(Beginning of Extracted entries)

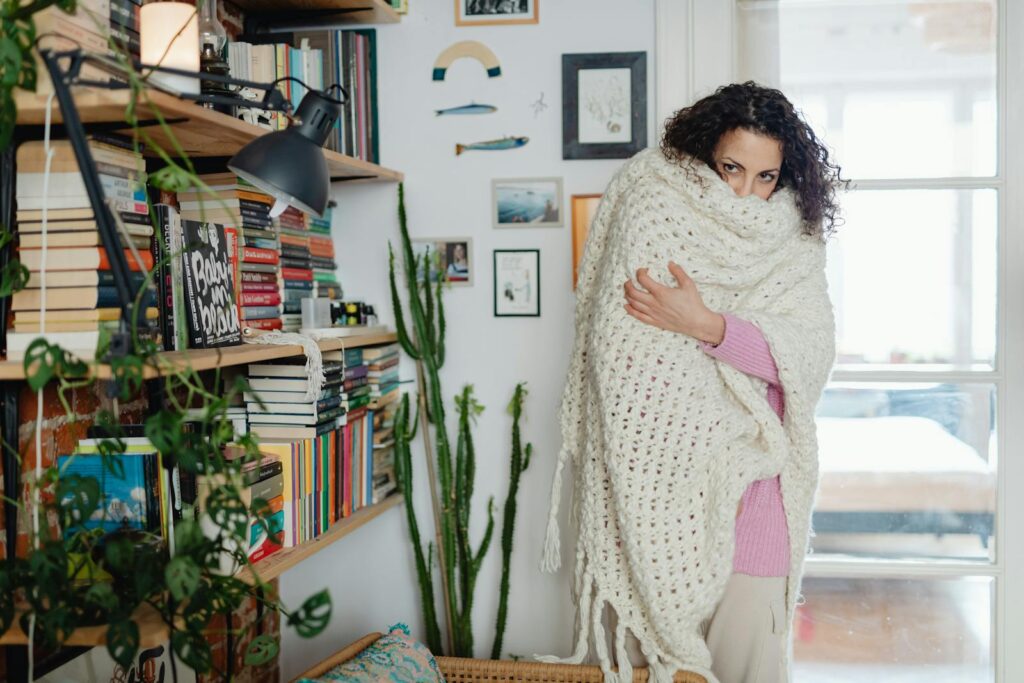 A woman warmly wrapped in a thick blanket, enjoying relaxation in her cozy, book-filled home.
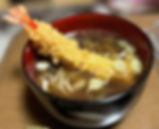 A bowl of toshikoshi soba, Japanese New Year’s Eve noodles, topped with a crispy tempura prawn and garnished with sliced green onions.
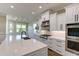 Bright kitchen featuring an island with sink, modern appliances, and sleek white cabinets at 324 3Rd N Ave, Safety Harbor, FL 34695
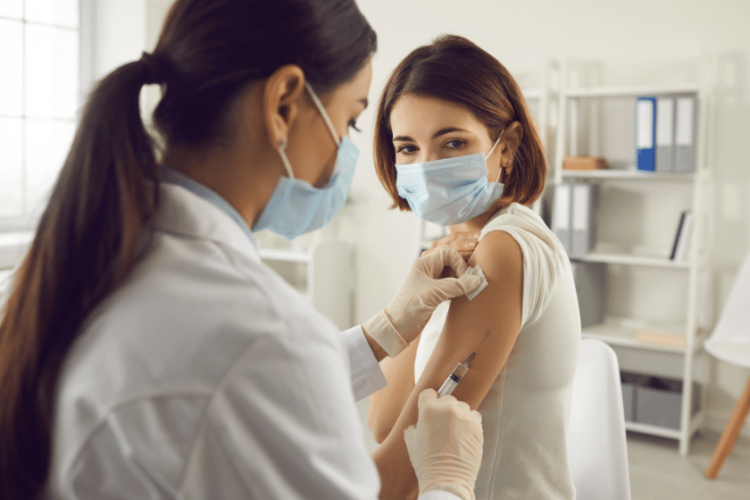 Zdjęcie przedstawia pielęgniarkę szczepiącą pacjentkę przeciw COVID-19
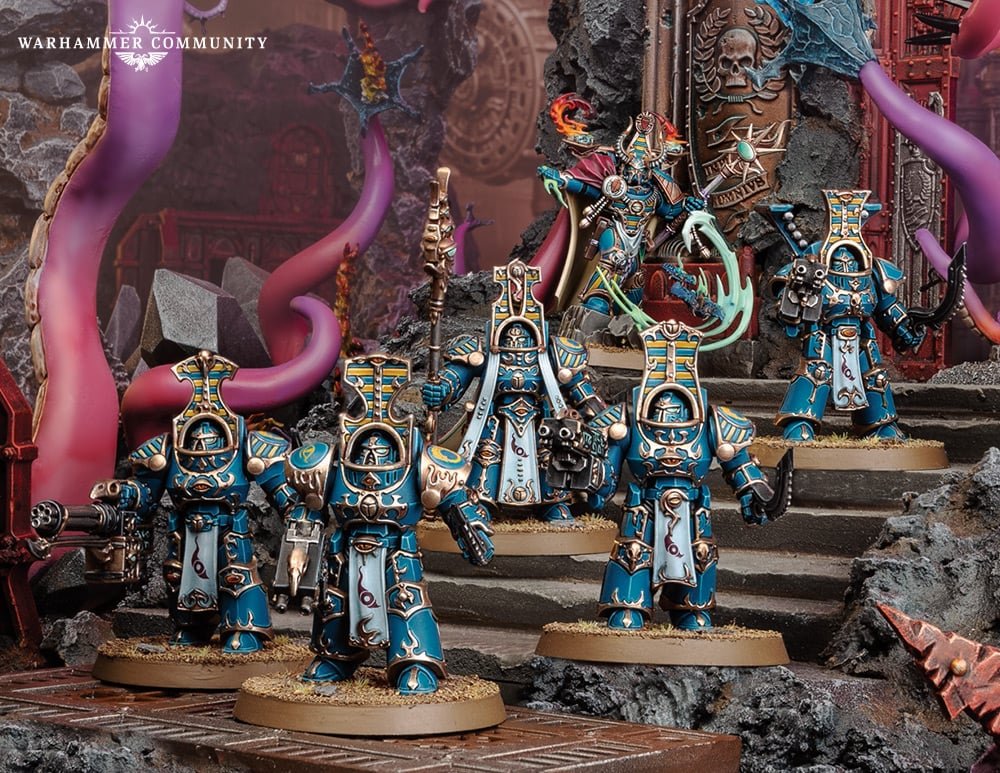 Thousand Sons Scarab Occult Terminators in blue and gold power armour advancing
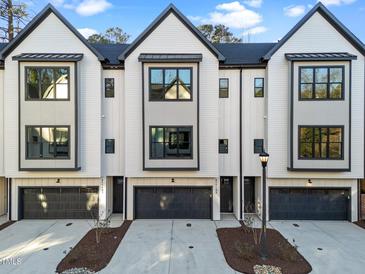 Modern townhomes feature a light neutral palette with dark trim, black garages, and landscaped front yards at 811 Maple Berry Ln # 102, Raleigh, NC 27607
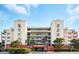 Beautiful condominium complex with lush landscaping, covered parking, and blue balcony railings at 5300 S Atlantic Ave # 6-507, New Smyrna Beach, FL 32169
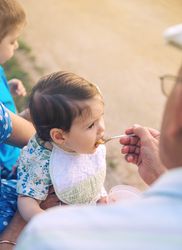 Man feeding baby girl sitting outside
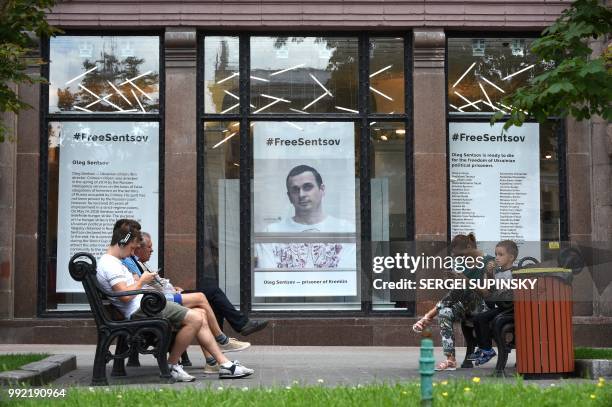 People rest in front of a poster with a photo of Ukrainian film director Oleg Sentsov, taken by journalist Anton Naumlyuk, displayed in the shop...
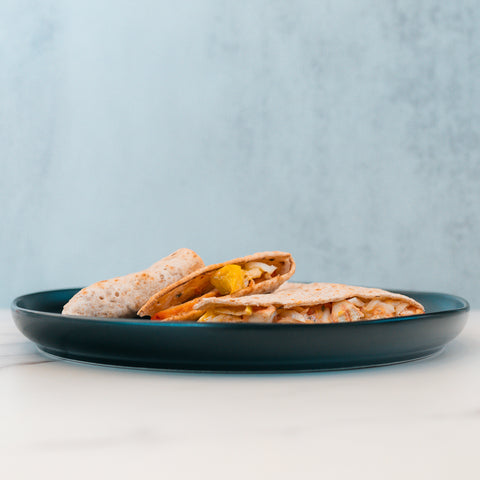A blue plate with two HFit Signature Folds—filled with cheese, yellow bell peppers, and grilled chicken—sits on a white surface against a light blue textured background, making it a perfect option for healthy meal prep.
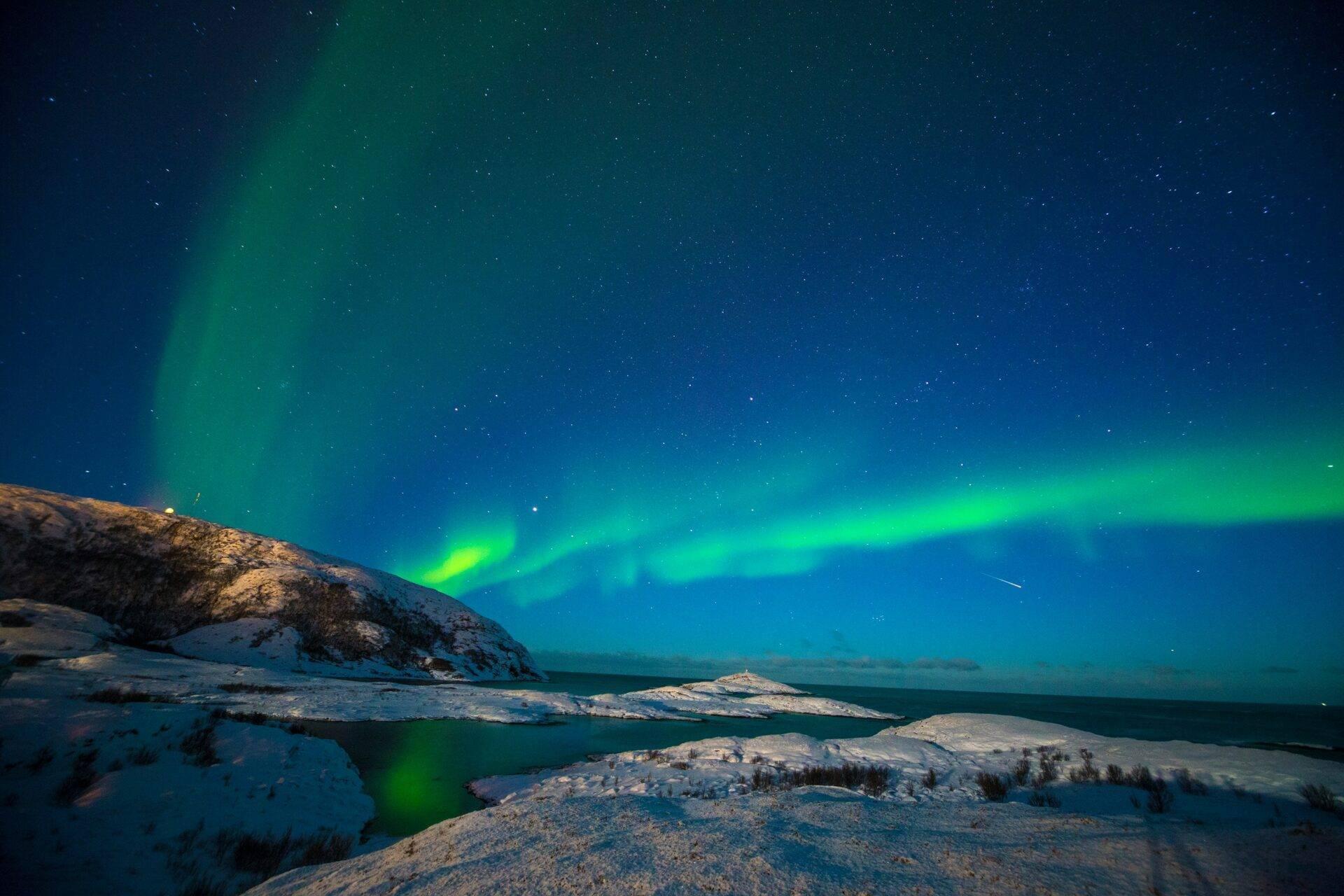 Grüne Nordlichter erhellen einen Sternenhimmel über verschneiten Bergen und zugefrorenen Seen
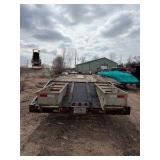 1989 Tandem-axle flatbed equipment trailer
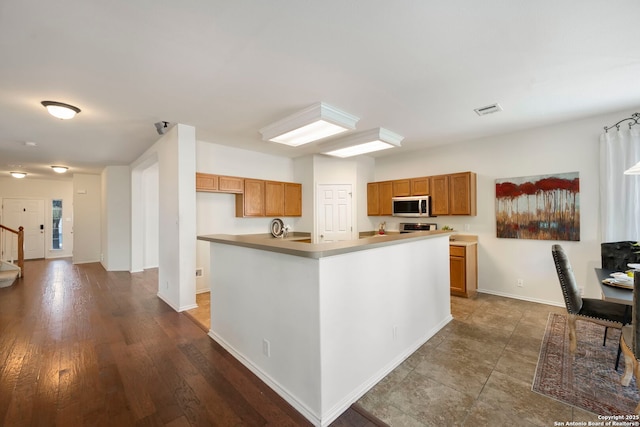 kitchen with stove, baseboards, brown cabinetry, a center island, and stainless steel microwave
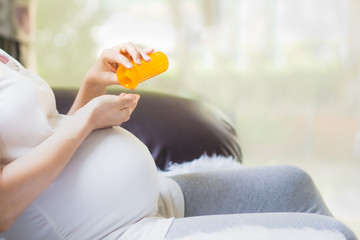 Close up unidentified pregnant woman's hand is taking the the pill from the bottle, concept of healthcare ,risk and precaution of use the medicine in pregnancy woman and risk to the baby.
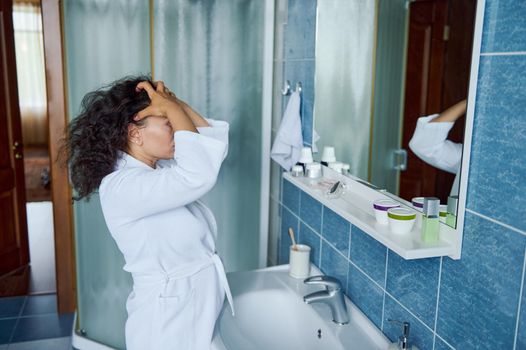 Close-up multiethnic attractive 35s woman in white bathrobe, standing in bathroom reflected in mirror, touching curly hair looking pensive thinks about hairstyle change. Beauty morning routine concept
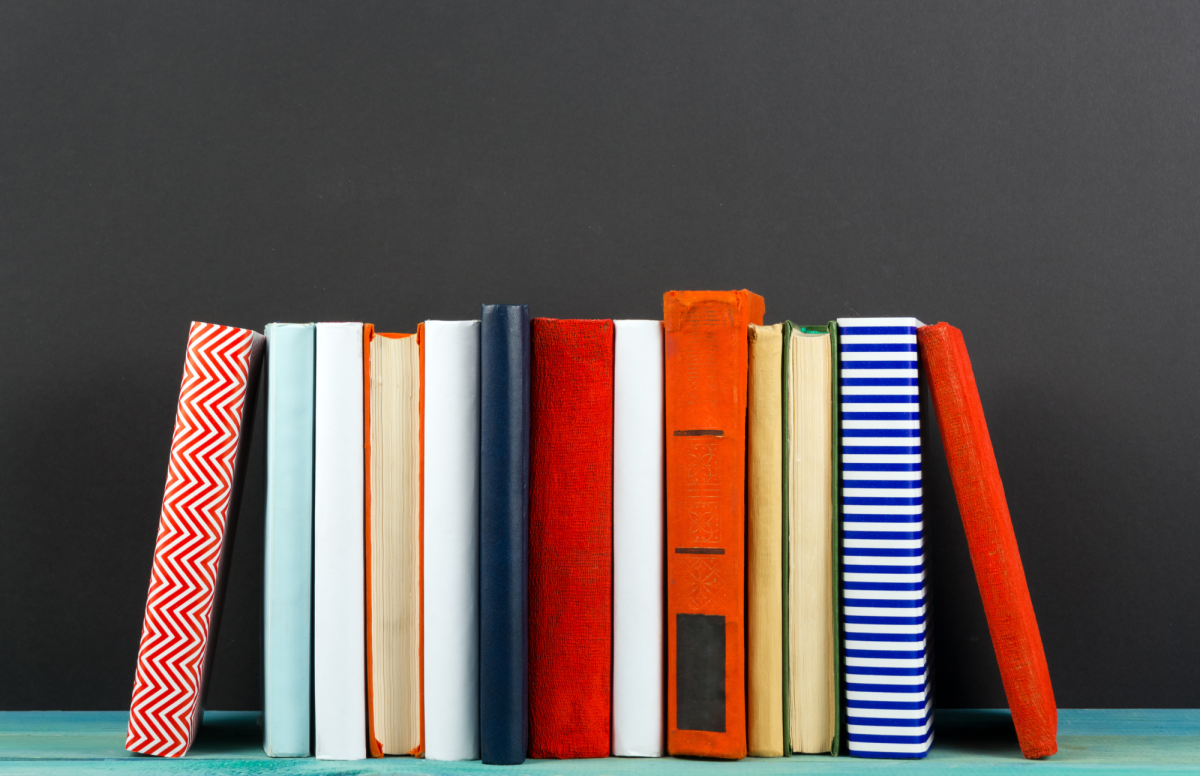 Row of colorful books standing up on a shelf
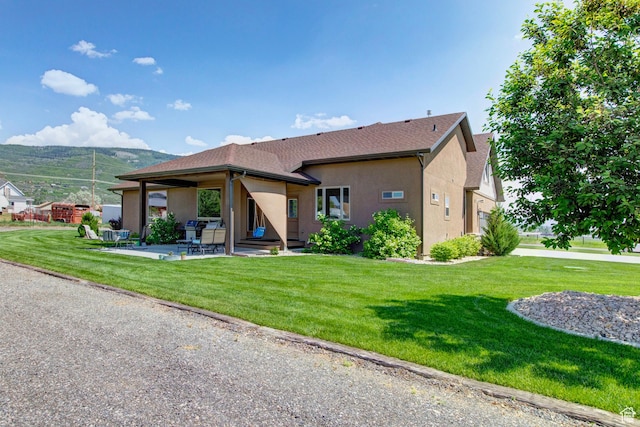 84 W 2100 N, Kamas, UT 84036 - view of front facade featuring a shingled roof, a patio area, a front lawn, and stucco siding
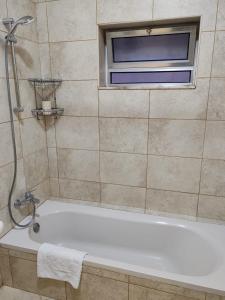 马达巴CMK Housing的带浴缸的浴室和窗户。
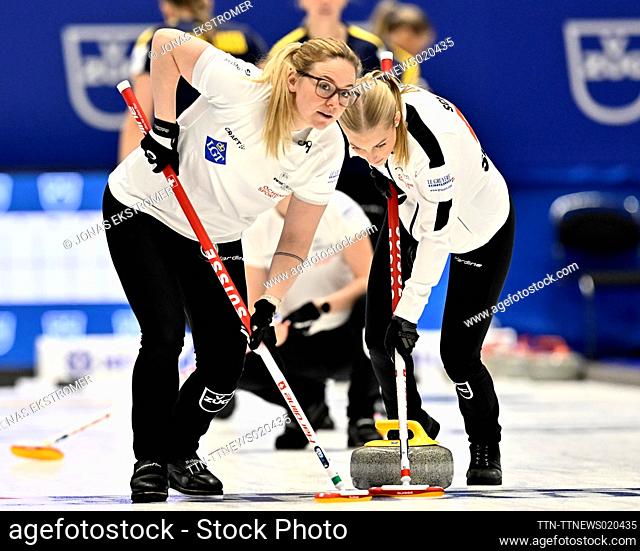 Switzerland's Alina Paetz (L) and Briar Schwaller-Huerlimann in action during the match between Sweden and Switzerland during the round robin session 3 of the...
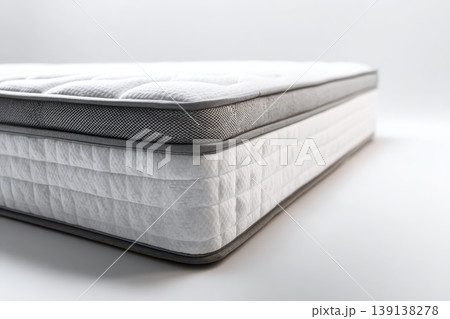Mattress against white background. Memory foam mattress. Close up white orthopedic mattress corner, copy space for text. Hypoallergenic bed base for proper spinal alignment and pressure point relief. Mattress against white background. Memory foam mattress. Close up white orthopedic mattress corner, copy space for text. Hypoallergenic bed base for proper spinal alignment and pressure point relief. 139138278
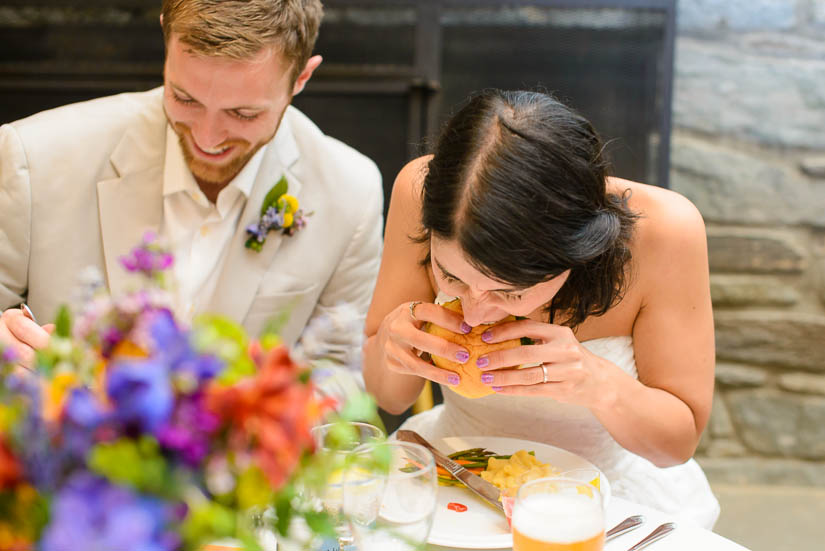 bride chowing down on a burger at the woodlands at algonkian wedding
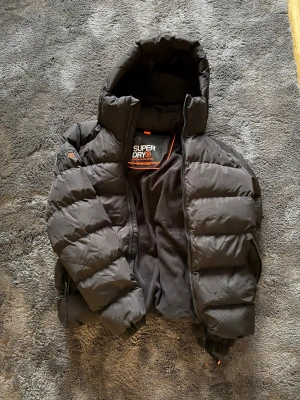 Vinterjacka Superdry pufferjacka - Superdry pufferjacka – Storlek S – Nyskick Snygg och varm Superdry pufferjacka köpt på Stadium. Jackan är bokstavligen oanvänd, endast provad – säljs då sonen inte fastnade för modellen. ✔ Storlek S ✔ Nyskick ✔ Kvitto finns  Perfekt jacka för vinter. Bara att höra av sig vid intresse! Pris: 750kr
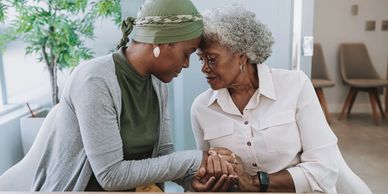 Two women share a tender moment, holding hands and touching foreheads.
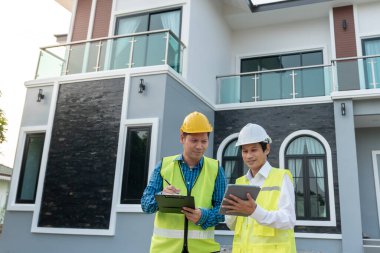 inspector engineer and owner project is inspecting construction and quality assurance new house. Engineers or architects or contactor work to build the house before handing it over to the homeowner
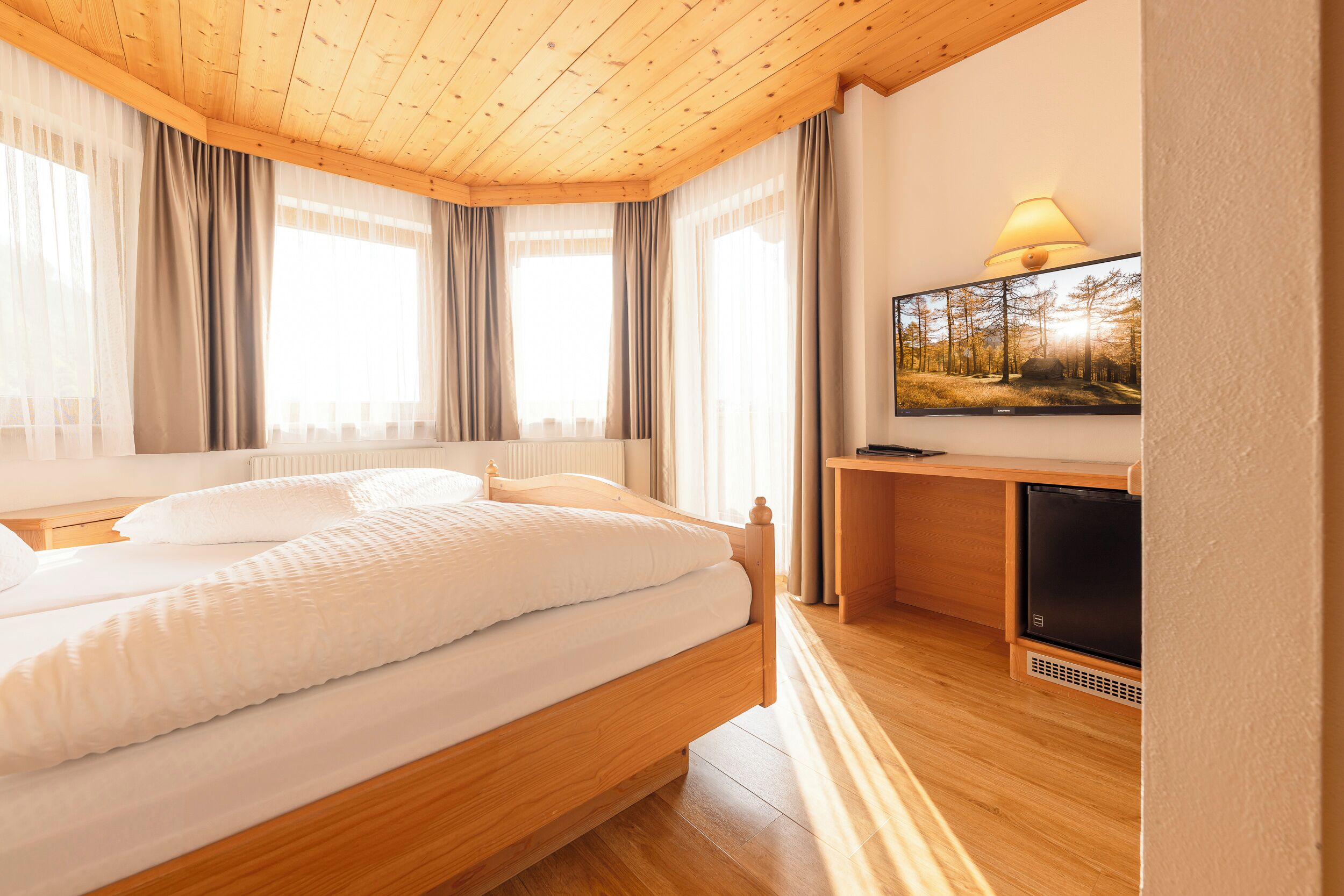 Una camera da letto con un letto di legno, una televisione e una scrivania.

(End of Extracted entries)

Drop the pictures, then write out everything else in the records exactly.

▶ **Written answer**
 A woman warmly wrapped in a thick blanket, enjoying relaxation in her cozy, book-filled home.
 A bowl of toshikoshi soba, Japanese New Year’s Eve noodles, topped with a crispy tempura prawn and garnished with sliced green onions.
 Bright kitchen featuring an island with sink, modern appliances, and sleek white cabinets at 324 3Rd N Ave, Safety Harbor, FL 34695
 Zdjęcie przedstawia pielęgniarkę szczepiącą pacjentkę przeciw COVID-19
 Thousand Sons Scarab Occult Terminators in blue and gold power armour advancing
 Modern townhomes feature a light neutral palette with dark trim, black garages, and landscaped front yards at 811 Maple Berry Ln # 102, Raleigh, NC 27607
 Beautiful condominium complex with lush landscaping, covered parking, and blue balcony railings at 5300 S Atlantic Ave # 6-507, New Smyrna Beach, FL 32169
 Man feeding baby girl sitting outside
 People rest in front of a poster with a photo of Ukrainian film director Oleg Sentsov, taken by journalist Anton Naumlyuk, displayed in the shop...
A blue plate with two HFit Signature Folds—filled with cheese, yellow bell peppers, and grilled chicken—sits on a white surface against a light blue textured background, making it a perfect option for healthy meal prep.
 Grüne Nordlichter erhellen einen Sternenhimmel über verschneiten Bergen und zugefrorenen Seen
 1989 Tandem-axle flatbed equipment trailer
 kitchen with stove, baseboards, brown cabinetry, a center island, and stainless steel microwave
 Close up unidentified pregnant woman's hand is taking the the pill from the bottle, concept of healthcare ,risk and precaution of use the medicine in pregnancy woman and risk to the baby.
 Close-up multiethnic attractive 35s woman in white bathrobe, standing in bathroom reflected in mirror, touching curly hair looking pensive thinks about hairstyle change. Beauty morning routine concept
 Row of colorful books standing up on a shelf
 84 W 2100 N, Kamas, UT 84036 - view of front facade featuring a shingled roof, a patio area, a front lawn, and stucco siding
 马达巴CMK Housing的带浴缸的浴室和窗户。
 Switzerland's Alina Paetz (L) and Briar Schwaller-Huerlimann in action during the match between Sweden and Switzerland during the round robin session 3 of the...
Mattress against white background. Memory foam mattress. Close up white orthopedic mattress corner, copy space for text. Hypoallergenic bed base for proper spinal alignment and pressure point relief. Mattress against white background. Memory foam mattress. Close up white orthopedic mattress corner, copy space for text. Hypoallergenic bed base for proper spinal alignment and pressure point relief. 139138278
 bride chowing down on a burger at the woodlands at algonkian wedding
 Vinterjacka Superdry pufferjacka - Superdry pufferjacka – Storlek S – Nyskick Snygg och varm Superdry pufferjacka köpt på Stadium. Jackan är bokstavligen oanvänd, endast provad – säljs då sonen inte fastnade för modellen. ✔ Storlek S ✔ Nyskick ✔ Kvitto finns  Perfekt jacka för vinter. Bara att höra av sig vid intresse! Pris: 750kr
 Two women share a tender moment, holding hands and touching foreheads.
 inspector engineer and owner project is inspecting construction and quality assurance new house. Engineers or architects or contactor work to build the house before handing it over to the homeowner
 Una camera da letto con un letto di legno, una televisione e una scrivania.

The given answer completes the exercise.